INSTRUCTIONS TO FOLLOW.
Every line containing the string "more" should be returned from the records.

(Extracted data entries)
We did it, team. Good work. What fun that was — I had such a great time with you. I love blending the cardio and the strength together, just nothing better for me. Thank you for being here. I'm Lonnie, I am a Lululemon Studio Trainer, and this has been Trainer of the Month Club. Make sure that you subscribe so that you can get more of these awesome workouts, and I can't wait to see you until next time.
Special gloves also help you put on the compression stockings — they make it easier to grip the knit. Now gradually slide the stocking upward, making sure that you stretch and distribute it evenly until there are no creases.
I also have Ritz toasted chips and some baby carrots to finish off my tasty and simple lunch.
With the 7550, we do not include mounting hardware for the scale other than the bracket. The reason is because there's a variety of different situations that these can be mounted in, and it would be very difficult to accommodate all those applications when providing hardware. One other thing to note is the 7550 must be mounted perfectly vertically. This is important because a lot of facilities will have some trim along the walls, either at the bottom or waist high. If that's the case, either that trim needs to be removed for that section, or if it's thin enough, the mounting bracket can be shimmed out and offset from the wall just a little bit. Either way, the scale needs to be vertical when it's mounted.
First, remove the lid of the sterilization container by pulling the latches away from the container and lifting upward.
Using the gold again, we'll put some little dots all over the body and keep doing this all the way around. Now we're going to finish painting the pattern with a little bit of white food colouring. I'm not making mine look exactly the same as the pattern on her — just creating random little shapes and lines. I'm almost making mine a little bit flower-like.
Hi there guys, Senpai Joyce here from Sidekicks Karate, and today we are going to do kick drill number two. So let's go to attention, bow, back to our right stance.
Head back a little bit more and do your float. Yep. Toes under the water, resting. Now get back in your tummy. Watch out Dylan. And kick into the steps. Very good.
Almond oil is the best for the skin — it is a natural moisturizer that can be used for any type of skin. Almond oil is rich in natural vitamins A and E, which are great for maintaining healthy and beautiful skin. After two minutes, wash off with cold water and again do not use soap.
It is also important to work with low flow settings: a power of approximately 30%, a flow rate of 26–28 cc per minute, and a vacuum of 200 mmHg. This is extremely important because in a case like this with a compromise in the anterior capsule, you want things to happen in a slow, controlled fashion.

PROBLEM SOLUTION.
We did it, team. Good work. What fun that was — I had such a great time with you. I love blending the cardio and the strength together, just nothing better for me. Thank you for being here. I'm Lonnie, I am a Lululemon Studio Trainer, and this has been Trainer of the Month Club. Make sure that you subscribe so that you can get more of these awesome workouts, and I can't wait to see you until next time.
Head back a little bit more and do your float. Yep. Toes under the water, resting. Now get back in your tummy. Watch out Dylan. And kick into the steps. Very good.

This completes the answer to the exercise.